I have mentioned on these pages before the decision of the UK Supreme Court in Cavendish v El Makdessi, Beavis v ParkingEye.[1] It seems to me that the more interesting aspect of the decision is not so much in relation to liquidated damages, but rather what the court had to say about the doctrine of relief from forfeiture. Many (including me) had assumed that the doctrine had been essentially subsumed into legislative provisions dealing with mortgages and leases, but the court breathed new life into the doctrine, suggesting that – although very largely unused – it is applicable in a wide variety of situations.
In some respects, of course, black letter law has been in the ascendancy in recent years, the courts apparently being willing to accept the fiction that the terms of lengthy commercial contracts reflect what has freely been agreed. In many cases, this concept of “party autonomy” rides roughshod over the reality. In particular, few if any contractors or subcontractors have any real understanding of the full legal effect of an entire agreement clause, and even if they inwardly shudder a little when they read a Queen of Hearts clause in tender documentation, they are unlikely to have any real choice but to sign if they are to continue to do business.
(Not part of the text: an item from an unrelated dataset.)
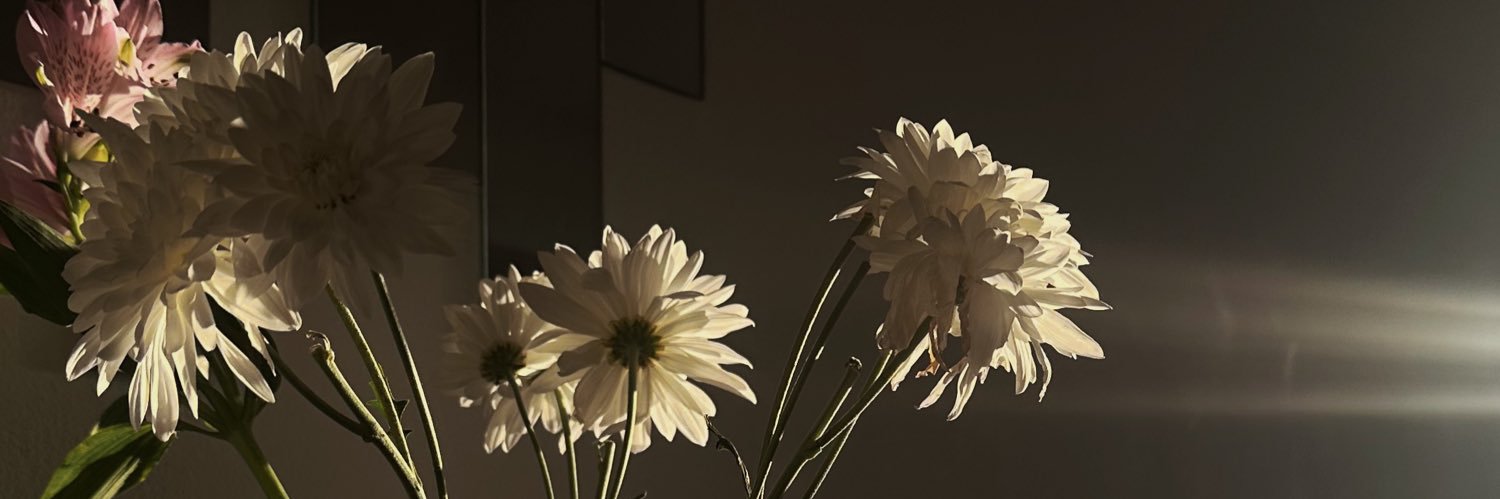macamuscio's profile banner image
The point about what the court said in Cavendish is that the application of the doctrine of relief from forfeiture does not involve rewriting contracts. Parties remain free to sign up to contracts containing onerous, even absurdly onerous, conditions. What the court can do is to restrain the unconscionable use of those conditions. This approach – splitting the concept of the enforceability of a right from the right itself – is not new in English law. It is inherent in the concept of laches and its statutory successor, limitation of actions. It is a concept widely applied in civil law.
As yet, litigants have not been pleading relief from forfeiture in English construction cases, and I am one of the few to plead it in Australian cases (none of which have yet reached trial). It may be that in Australia there is a more potent weapon: section 21 of the Australian Consumer Law[2], which is a “beefed up” re-enactment of section 51AC of the Trade Practices Act.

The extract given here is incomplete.